Education, Energy, Environment, Latest News, West Virginia Legislature

House committees approve carbon sequestration, school consolidation impact statement bills

MORGANTOWN – The House Judiciary Committee kept the House carbon sequestration bill moving forward Friday. And House Education OK’d a bill regarding school consolidation impact statements.

The sequestration bill is HB 4491 and matches SB 622 progressing through the Senate. The intent of the bills is to prevent the release of carbon dioxide into the atmosphere from fossil fuel operations.

The legislation sets up a Department of Environmental Protection permitting process. It excludes underground injection done for enhanced oil recovery.

The bill sets up an application process and requirements. Companies wishing to inject the carbon must obtain consent of 75% of landowners involved and make a good faith effort to find the rest. Surface owners will own the liquefied carbon dioxide injected into the ground.

Applications must go out for a 30-day public comment period and DEP has one year to approve the permit.

Under this framework, injected CO2 is not considered a pollutant and the injection sites are not a public nuisance.

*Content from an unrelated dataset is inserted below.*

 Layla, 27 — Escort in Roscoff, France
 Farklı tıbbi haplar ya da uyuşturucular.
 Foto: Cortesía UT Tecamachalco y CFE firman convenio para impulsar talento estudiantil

Judiciary Committee counsel said this provision helps shield the operations from public nuisance lawsuits – but not private suits.

Two funds are created for collected fees – one for program operation, and a trust fund for long-term management once a well is completed.

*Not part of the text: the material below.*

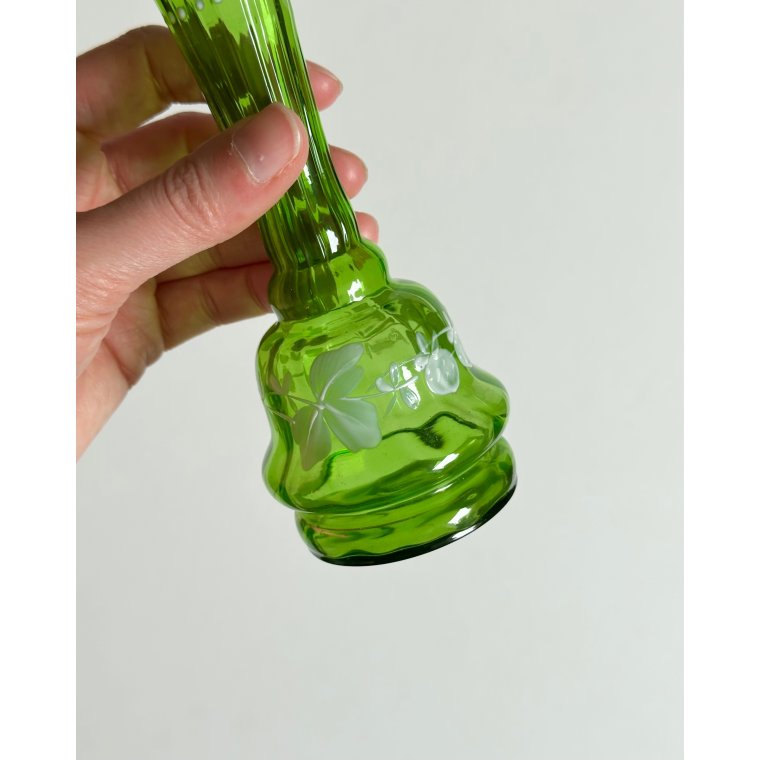 Gr�n glasvase m bemaling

Ben Beakes appeared before the committee, as he did Thursday before Senate Energy. He told the members the sequestered CO2 is not considered a greenhouse gas, it’s almost food grade.

It gets injected into pore spaces 8,000 to 12,000 feet underground, well below drinking water tables and shale formations.

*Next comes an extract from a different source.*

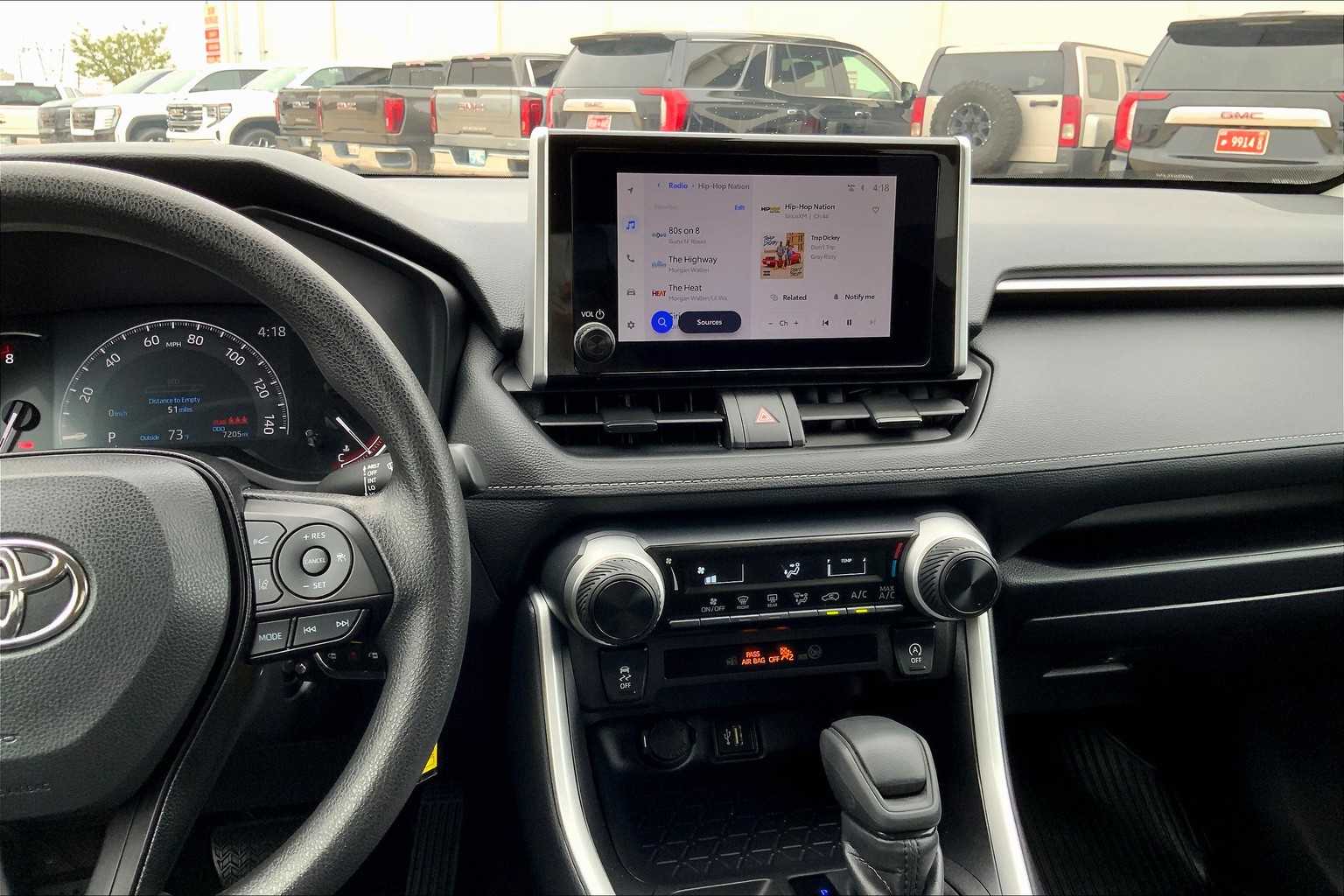 2025 Toyota RAV4 LE photo 4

Department of Environmental Protection Deputy Secretary Scott Mandirola told the committee the process will be governed by a 93-page bill the Legislature is passing. As a safety measure, the DEP’s Office of Oil and Gas must be on site during portions of the drilling and casing process to ensure there will be no leakage from the wells. The wells will be inspected periodically after injection begins.

“I believe it would be very difficult to migrate all the way to the surface,” he said of possible CO2 leakage.

The committee approved the bill in a voice vote with only one or two audible votes against. It goes next to the House floor. SB 622 is on its way to the Senate floor.

Consolidation bill

SB 229 is the school consolidation bill. Committee Vice Chair Joe Statler, R-Monongalia, had some family members attend the meeting and was permitted to make his first go as chair, running the meeting.

The bill passed the Senate unanimously. It requires an impact statement before a school board closes or consolidates a school or schools, except where the voters have already passed a construction bond affecting those schools.

The impact statement must address the students affected, including transportation times; the financial health of the county; the enrollment of the school that would receive students through consolidation; the school personnel affected; and the community.

Delegate Heather Tully, R-Nicholas, offered a successful amendment to exempt any project in progress or already approved from being subject to provisions of bill so school boards don’t have to spend time backtracking to create an impact statement.

Her Nicholas County GOP colleague Delegate Caleb Hanna expressed some cynicism about the apparent hypocrisy of the bill, saying the Legislature hasn’t supported small local schools. “This Legislature’s goal has been to consolidate schools.”

Statler had to stop Hanna and Tully from bickering over their disagreement.

Apart from Hanna’s comments there was no debate and the bill passed in voice vote. It heads to the House floor. If the full House adopts Tully’s amendment the bill will have to go back to the Senate for concurrence.